▶ [WHAT THIS TASK INVOLVES] Reproduce every record below exactly as written, but leave out any pictures.

▶ [DATA UNDER STUDY]
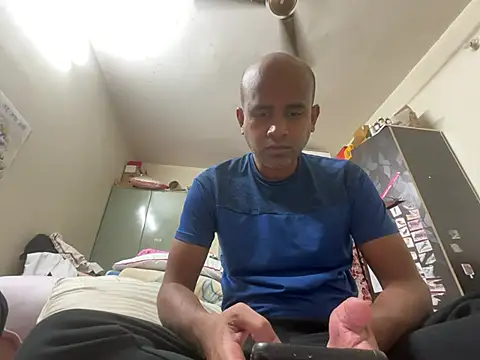 Snapshot of SammyChocolateIndian chatting on February 2025 01:43:01 PM SammyChocolateIndian online show from February 2025 01:43:01 PM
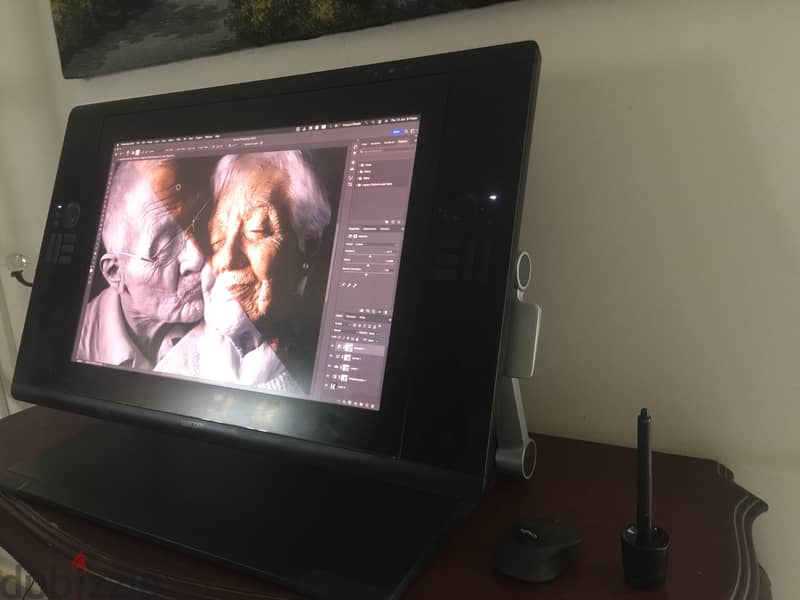 Wacom Cintiq 24HD Touch - لوحة رسم احترافية | حالة ممتازة 12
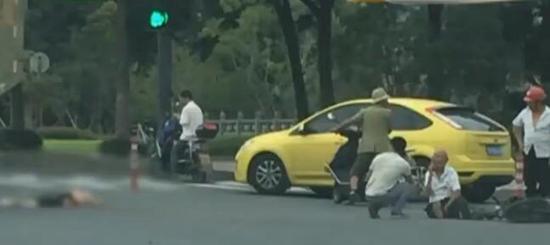 3.jpg 周围群众说,被撞的电瓶车上有两名老人,是一对年近80的老夫妻。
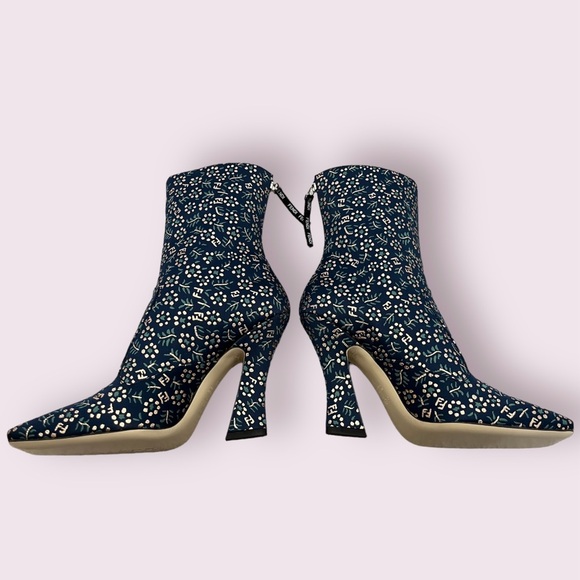 Fendi Floral Jacquard Boots - Picture 4 of 10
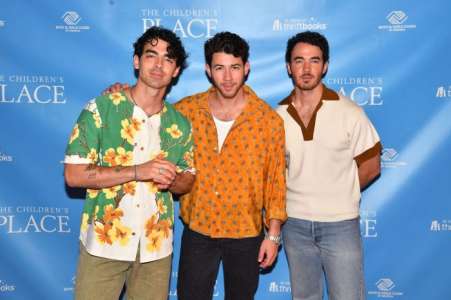 Jimmy Fallon Sings ‘Mr. Brightside’ at the Jonas Brothers Concert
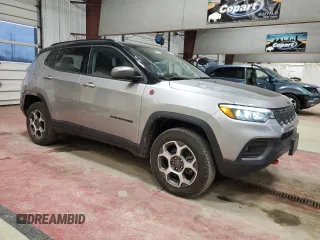 2022 Jeep Compass Trailhawk z VIN 3C4NJDDBXNT146535, wystawiony jako Copart lot #52873595 z przebiegiem 21 513 mil mil oraz Szkoda całkowita • Salvage title. Historia ofert i sprzedaży dostępna na DreamBid. Obrazek 4.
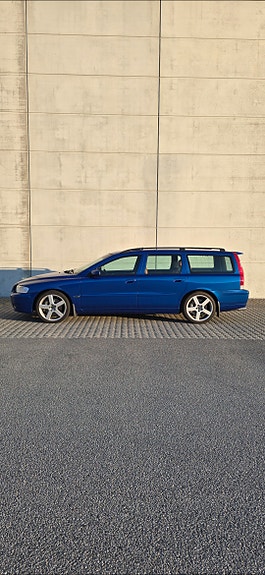 Volvo V70 4 of 30
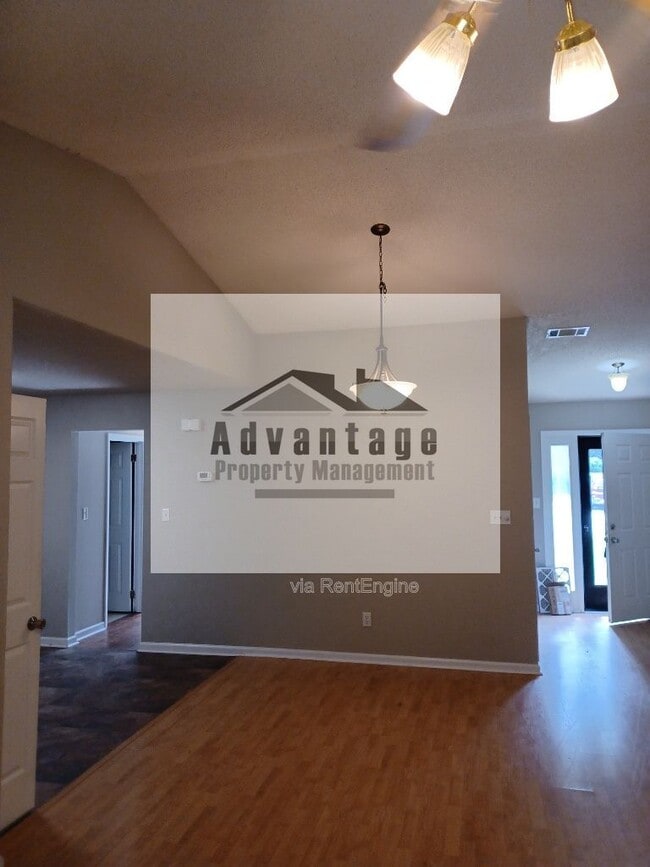 Building Photo - 130 Wesleyan Way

▶ [WRITTEN REPLY]
 Snapshot of SammyChocolateIndian chatting on February 2025 01:43:01 PM SammyChocolateIndian online show from February 2025 01:43:01 PM
 Wacom Cintiq 24HD Touch - لوحة رسم احترافية | حالة ممتازة 12
 3.jpg 周围群众说,被撞的电瓶车上有两名老人,是一对年近80的老夫妻。
 Fendi Floral Jacquard Boots - Picture 4 of 10
 Jimmy Fallon Sings ‘Mr. Brightside’ at the Jonas Brothers Concert
 2022 Jeep Compass Trailhawk z VIN 3C4NJDDBXNT146535, wystawiony jako Copart lot #52873595 z przebiegiem 21 513 mil mil oraz Szkoda całkowita • Salvage title. Historia ofert i sprzedaży dostępna na DreamBid. Obrazek 4.
 Volvo V70 4 of 30
 Building Photo - 130 Wesleyan Way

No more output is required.